• Indy Sim

The Future of Marketing: A Servant of Our Convenience or An Inevitable Threat?

Updated: Oct 12, 2019

Five years ago the concept 'marketing' resonated with the choice of studies when young adults had no idea what they wanted to do with their lives. A popular choice amongst business administration, international tourism and business management alternatives. Today, however, a marketer or not, each one of us is directly affected by it and the influence of advertising in our daily lives only grows. So, it is important to understand its principles, the present situation and future prospects. A modern participant of the society must be at least slightly educated on politics, environment and economics, otherwise, one simply becomes another screw in the mechanism of growing consumerism.

The thing is, that the majority don't necessarily mind it. Our technologies are growing stronger, possibilities become limitless and access to the world seems wide open. What could be better, a certain ideologist would think? I stop myself from mentioning any kind of ideology. People are still consciously or seamlessly are guided by a certain picture of an ideal world, but having in mind that the recent global changes are nothing that we've ever encountered, it is likely that none of the ideologies has the answers anymore.

Going back to the point, modern people like to consume. In that sense, marketing is a wonderful thing: whereas before one had to spend a good amount of time looking for the right product or service, now, personalised adds seem to know what you need even before you know it. Moreover, one doesn't have to worry too much about massively overpaying, because there are so may competition between the companies that each day a new, better offer lands up in your mailbox. And it's not only the services: your favourite cuisine restaurants keep offering your set-menus and deals, your news-stream full of articles and blogs of the things that you're really interested in. It sounds like a modern utopia. However, just like every ideology sounded very appealing in the beginning, this consumerists' utopia can very easily turn upside down.

The knowledge that our personal information is being used without our consent - is out. While some of us are ready to fight for our data and seek to monetise it, still, the majority of the people don't care.

So what that I used a face-app and now Russians have my face to use it however they want to?

So what that I accept with all the cookies (thanks to the almighty GDPR we're safe...) and now hundreds of companies can track my every single step online?

So what that I give my email to anyone and anywhere - it's just a mailbox, right?

And lastly, who cares about what I fear and what my hobbies are, even what my heartbeat is?

I'll tell you who cares - everyone who wants to make money out of you; Trump; Brexit party; Labour party; any party, Facebook, Apple, your local bookstore and some oligarch far far away who secretly wants to dominate the world.

It's not a secret anymore and people even seem to get a little bit bored of it - so what, it's like, we can't do anything.
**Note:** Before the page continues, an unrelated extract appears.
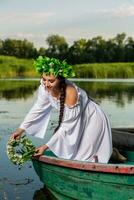 jung sexy Frau auf Boot beim Sonnenuntergang. das Mädchen hat ein Blume Kranz auf ihr Kopf, entspannend und Segeln auf Fluss. Fantasie Kunst Fotografie. foto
Kind of true. What you can do is to gain knowledge about it and then what you decide to do or think or decide nothing - up to you. It is a free world. But... is it?

A few years back the scandal of Cambridge Analytica revealed how powerful our data was. So powerful that a recklessly submitted Facebook test about the type of your favourite crisps could be used as a tool to determine the next world leader. Might want to think twice before sharing that next time...

Officially, student marketers are taught how to analyse the market (gather data on people), find out what they need and simply provide for that need in a way that it would appeal to them. That would be fair enough if hadn't been taken ten steps too far.

The unofficial practices of marketing teach how to manipulate the consumers into building a certain worldview that would benefit the company's sales. For example, the winter is coming and from time to time I read that the statistics prove that more and more people get this advanced complication of flu. I get a little bit worried - but nothing a cup of tea with some ginger won't sort. Within a week, I find more and more articles with personal stories about how people suffer from this monstrous flu and some newly created medicament saved them. Later, I read that the virus is coming full on to the region where I live, and then miraculously I receive a one-time offer of a magical medicine from that particular virus, and now I can get 10 packs of it fro £500, whereas it used to be £1500. Convinced that I have the virus brewing in me already, I order two batches - one for me and one for my boyfriend.

Now, let's say that not only my news-feed but all media focus on a war in a country far away. It's so bad, that a part of the nation flee their country and seek refuge in Europe. I read that the refugees terrorise our locals, rob our neighbourhoods and disrupts our well-balanced society. I hear on the news that if it carries on, it might change who we are as a nation, irreversibly. But then, there's a leader who claims he can prevent all that and has a solid plan. I'm so worried at this point that it becomes the epicentre of my world and all the humanitarian values go down the drain. Let's exit the union, build a wall and live happily ever after in our little tin box we call our independent country. And the rest can go back to their country where they belong.

However, I've never seen any of that with my own eyes. But the media says it, so it must be true.

That's the dark side of the marketing that oversteps the boundaries between a healthy competition amongst the companies and reaches more towards the ownership of one's sane mind. The mutant flu wasn't real. The war is very much real but the fear media and social marketing are creating - is not.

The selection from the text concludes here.